Bill and I rented an enormous half western, half Japanese house in Azabu near the Azabu Hotel. It used to belong to the French tutor of the now-dead Empress. Our landlady was Miss Kawai who had lost her fiancé in the Philippines in WWII. She was a Christian and would make annual pilgrimages to the Philippines with her church group. We called her Ping and her little messages Pinggrams. She was forever about to commit Hari Kiri over something. The heating never worked, the house nearly caught on fire three times due to faulty wiring. We forever had tabi-footed workmen scrambling all over trying to keep the old place going. It has since been torn down and replaced with a 20 story apartment building.
We were a very international group: American, Japanese, Australian, English and very sociable: after rehearsals or read-throughs we always went out for drinks and a bite to eat. The American Club was a favorite hangout. And a pub called Gaslight was another. Bill and I were assigned to direct Orwell’s Animal Farm. It was a great success. And of course, we became closer and closer. Bruce and I were estranged by then and much to our shock discovered he was having an affair with Bill’s wife. So, it was the 70s, go mad as they say. We were married on Valentine’s Day 1974 in a civil ceremony that I did not have to be present at – the same as when we got divorced: I didn’t have to be present at that either. Meanwhile, Bruce and I did get divorced in Geneva, very amicably, and remained good friends for the duration. He actually fell in with an Australian woman, married her, and ended up in Kenya. I have long lost touch with him.

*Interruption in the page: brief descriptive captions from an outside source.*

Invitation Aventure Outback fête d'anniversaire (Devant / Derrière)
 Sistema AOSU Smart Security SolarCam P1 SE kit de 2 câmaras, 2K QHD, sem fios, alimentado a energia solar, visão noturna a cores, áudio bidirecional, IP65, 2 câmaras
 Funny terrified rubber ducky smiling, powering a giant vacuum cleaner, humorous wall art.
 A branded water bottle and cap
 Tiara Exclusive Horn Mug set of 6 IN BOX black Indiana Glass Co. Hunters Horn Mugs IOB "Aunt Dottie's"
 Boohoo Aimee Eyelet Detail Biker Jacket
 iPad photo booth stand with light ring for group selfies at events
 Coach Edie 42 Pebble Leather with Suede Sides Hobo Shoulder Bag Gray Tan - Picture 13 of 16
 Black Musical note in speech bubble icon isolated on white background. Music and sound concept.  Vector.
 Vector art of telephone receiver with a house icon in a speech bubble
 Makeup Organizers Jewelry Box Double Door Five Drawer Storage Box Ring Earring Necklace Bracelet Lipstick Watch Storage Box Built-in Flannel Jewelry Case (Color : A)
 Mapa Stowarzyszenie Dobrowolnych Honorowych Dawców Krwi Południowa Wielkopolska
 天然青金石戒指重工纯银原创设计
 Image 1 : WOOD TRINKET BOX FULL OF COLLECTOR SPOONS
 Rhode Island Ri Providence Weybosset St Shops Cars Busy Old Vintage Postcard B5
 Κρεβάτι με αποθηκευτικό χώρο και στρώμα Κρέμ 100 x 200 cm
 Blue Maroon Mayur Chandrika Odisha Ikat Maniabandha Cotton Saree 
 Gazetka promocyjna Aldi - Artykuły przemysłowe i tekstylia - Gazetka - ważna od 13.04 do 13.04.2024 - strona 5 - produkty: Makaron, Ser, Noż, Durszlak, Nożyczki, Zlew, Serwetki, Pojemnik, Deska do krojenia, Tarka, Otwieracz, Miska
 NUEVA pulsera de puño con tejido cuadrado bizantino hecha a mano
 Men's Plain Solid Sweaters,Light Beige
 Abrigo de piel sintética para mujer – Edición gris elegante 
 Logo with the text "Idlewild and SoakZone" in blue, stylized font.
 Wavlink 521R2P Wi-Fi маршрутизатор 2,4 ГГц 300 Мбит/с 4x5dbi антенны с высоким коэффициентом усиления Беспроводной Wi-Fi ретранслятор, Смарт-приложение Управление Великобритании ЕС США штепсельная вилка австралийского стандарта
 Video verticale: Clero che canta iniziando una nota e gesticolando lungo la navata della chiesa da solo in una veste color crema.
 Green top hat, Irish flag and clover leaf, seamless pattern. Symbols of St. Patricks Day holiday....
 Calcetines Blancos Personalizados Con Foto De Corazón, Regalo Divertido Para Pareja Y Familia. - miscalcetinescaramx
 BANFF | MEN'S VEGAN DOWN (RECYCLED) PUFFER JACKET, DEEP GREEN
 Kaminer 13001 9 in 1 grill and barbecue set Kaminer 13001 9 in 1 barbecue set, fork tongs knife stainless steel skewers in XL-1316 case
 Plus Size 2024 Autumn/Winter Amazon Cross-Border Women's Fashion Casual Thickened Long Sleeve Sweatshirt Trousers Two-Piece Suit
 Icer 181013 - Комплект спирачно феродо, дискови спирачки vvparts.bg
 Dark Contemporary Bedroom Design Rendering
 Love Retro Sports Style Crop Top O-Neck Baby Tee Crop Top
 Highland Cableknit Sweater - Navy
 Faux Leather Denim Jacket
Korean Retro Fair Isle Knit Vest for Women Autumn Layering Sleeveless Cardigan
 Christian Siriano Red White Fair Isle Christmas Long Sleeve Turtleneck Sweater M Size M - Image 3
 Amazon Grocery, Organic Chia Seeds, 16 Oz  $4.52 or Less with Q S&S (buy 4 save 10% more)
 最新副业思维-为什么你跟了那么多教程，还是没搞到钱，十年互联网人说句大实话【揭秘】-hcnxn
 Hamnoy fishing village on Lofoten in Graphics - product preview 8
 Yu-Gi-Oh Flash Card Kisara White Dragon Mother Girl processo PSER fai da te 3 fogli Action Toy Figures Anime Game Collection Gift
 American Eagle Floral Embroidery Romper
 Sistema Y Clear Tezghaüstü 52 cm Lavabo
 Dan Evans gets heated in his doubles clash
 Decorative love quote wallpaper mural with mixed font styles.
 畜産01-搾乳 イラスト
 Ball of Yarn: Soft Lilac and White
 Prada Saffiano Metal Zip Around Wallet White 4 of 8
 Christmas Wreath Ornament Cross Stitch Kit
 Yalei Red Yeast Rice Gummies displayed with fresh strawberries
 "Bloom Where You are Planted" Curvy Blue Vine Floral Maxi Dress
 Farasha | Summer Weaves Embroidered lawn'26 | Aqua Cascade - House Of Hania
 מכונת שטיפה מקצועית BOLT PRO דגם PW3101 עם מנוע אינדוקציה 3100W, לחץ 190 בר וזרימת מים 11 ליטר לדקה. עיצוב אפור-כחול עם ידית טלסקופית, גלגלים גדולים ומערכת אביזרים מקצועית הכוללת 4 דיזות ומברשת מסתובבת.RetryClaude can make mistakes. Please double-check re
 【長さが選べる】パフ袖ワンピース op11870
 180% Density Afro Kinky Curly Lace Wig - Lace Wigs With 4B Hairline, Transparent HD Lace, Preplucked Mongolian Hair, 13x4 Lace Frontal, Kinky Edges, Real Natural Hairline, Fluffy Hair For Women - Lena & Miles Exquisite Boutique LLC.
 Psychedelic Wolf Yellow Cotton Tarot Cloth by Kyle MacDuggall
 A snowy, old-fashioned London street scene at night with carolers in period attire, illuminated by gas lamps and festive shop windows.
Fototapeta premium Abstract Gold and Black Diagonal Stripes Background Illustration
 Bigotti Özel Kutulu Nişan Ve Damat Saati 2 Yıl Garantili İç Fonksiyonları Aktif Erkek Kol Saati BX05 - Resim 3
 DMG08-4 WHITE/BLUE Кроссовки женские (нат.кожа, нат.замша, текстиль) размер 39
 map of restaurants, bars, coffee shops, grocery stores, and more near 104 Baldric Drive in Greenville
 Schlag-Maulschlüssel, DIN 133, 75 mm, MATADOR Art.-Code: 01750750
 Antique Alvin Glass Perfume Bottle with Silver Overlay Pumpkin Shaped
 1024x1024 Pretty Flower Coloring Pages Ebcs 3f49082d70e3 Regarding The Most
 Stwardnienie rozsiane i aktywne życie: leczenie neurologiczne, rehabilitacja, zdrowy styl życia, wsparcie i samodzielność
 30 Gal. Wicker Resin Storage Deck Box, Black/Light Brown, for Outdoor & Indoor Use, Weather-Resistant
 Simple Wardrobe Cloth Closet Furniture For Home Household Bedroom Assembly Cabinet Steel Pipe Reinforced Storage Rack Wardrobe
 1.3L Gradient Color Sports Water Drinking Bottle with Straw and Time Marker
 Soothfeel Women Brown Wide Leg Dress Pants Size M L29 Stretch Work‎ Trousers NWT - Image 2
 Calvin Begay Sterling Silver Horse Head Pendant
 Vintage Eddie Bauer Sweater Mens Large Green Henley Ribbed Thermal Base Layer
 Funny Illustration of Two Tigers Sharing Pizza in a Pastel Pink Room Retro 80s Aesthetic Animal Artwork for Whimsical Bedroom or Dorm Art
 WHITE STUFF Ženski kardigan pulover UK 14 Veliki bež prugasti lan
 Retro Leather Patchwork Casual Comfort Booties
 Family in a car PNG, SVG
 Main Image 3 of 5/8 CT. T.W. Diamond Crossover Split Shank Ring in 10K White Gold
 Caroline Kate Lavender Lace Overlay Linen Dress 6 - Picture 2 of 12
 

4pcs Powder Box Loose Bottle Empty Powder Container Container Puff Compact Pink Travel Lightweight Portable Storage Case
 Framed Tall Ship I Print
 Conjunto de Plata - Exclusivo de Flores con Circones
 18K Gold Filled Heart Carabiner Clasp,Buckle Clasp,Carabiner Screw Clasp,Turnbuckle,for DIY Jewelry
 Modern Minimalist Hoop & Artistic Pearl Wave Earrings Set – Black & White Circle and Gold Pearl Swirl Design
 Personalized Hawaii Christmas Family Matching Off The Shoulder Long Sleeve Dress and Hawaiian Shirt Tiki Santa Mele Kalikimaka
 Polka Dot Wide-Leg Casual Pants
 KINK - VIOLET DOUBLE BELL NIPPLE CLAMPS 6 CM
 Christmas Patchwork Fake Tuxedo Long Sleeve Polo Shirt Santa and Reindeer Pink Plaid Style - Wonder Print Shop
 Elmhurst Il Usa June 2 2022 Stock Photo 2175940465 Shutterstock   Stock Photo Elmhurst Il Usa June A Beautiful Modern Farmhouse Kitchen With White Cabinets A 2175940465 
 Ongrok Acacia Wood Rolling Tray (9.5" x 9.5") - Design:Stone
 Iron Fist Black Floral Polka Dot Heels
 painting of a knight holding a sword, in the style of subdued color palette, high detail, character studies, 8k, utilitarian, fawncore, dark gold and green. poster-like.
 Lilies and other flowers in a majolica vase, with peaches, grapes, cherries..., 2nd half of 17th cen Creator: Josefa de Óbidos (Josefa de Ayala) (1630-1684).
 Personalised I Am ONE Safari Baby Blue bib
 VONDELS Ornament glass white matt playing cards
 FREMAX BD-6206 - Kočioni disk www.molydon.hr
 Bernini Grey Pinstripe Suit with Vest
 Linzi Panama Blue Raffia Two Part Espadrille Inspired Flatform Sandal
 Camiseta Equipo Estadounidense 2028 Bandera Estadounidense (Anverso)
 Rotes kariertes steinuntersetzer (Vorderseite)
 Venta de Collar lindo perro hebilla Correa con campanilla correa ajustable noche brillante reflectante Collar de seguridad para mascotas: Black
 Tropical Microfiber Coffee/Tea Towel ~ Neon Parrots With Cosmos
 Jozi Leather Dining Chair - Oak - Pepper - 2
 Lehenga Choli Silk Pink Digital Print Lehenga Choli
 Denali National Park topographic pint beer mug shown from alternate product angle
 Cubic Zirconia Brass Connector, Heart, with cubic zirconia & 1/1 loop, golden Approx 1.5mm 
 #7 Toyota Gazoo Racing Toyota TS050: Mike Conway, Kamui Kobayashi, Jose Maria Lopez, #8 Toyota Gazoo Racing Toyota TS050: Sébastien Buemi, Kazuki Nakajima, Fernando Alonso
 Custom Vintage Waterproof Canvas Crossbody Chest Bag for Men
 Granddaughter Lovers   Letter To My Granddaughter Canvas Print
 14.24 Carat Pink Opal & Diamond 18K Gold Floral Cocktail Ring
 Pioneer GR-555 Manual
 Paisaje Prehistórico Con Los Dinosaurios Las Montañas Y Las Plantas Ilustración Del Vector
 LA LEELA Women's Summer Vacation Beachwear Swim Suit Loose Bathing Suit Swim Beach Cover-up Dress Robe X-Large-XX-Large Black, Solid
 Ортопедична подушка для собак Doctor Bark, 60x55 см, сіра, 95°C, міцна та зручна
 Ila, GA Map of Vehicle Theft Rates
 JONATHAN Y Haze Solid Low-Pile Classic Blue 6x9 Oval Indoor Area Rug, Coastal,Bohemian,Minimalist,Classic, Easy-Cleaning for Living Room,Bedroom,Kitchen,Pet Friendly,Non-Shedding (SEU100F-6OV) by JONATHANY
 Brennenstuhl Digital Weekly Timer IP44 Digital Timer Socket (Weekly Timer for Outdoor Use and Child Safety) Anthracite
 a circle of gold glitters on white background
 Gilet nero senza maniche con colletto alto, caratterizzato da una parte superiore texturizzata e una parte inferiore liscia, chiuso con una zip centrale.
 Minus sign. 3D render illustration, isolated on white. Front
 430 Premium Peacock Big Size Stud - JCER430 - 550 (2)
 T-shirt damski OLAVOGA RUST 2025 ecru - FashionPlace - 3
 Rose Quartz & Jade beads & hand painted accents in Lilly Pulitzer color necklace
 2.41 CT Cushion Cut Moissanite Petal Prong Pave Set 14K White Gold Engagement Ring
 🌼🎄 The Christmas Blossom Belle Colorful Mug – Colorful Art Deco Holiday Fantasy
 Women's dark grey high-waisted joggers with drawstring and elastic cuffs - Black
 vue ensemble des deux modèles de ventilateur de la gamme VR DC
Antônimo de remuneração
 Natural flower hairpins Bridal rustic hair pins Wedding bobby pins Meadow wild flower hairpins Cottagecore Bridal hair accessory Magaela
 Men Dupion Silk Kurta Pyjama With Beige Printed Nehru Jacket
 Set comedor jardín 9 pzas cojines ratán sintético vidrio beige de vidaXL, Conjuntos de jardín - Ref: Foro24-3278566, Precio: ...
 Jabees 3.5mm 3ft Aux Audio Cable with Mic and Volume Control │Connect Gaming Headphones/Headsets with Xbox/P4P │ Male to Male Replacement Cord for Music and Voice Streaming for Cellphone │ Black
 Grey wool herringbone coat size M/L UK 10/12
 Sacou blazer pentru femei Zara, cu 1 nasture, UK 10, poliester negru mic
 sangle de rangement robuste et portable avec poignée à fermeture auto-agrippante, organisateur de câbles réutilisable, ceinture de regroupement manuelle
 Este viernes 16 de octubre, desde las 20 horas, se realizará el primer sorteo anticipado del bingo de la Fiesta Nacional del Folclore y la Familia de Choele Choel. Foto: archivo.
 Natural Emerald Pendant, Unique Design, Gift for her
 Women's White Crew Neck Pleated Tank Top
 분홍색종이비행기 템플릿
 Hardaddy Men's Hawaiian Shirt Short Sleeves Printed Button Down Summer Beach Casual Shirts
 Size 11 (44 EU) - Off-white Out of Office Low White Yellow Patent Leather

So Bill and I moved into a huge old Japanese house in the Azabu area of Tokyo. We had a great time together. Lots of traveling, lots of parties, lots of drinking and smoking. By this time I was working for IBM Japan for legal counsel Michel Berthier. This was during the US Government vs. IBM. A very interesting case and IBM would never be the same again. Bill was restless with BTA claiming the head guy was a Russian spy. He hooked up with this Australian chap and they were going to run a hostel in Kurashiki in Southern Japan. That plan fell through when the other guy backed out.
Anyway, we returned to England. I met his parents for the first time. They lived in an 800-year-old house in Penn, Bucks. His mother, Margaret, was originally from Bristol and had been a school teacher. His father, Jim was the village greengrocer and used to have his shop in the front of the house in what was now called the front room. His father, who had lost a leg while working for British Rail in London, lived with them. Clumping downstairs every month slamming his rent money on the kitchen counter and uttering “Here’s rent.” To anyone who happened to be listening. He was a very annoying man and eventually died at the age of 96 of natural causes. He apparently started to go downhill when at age 90 he could no longer put up his summer runner beans.
They didn’t like me and I didn’t care for them. She was very possessive of Bill and the father-in-law was gaga to the point that you could not have a conversation with him. Today we call it Alzheimer’s or early-onset dementia. She was one of the worst cooks I have ever come across in my life save for Ann Turner by way of New Zealand, my BFF in Tokyo.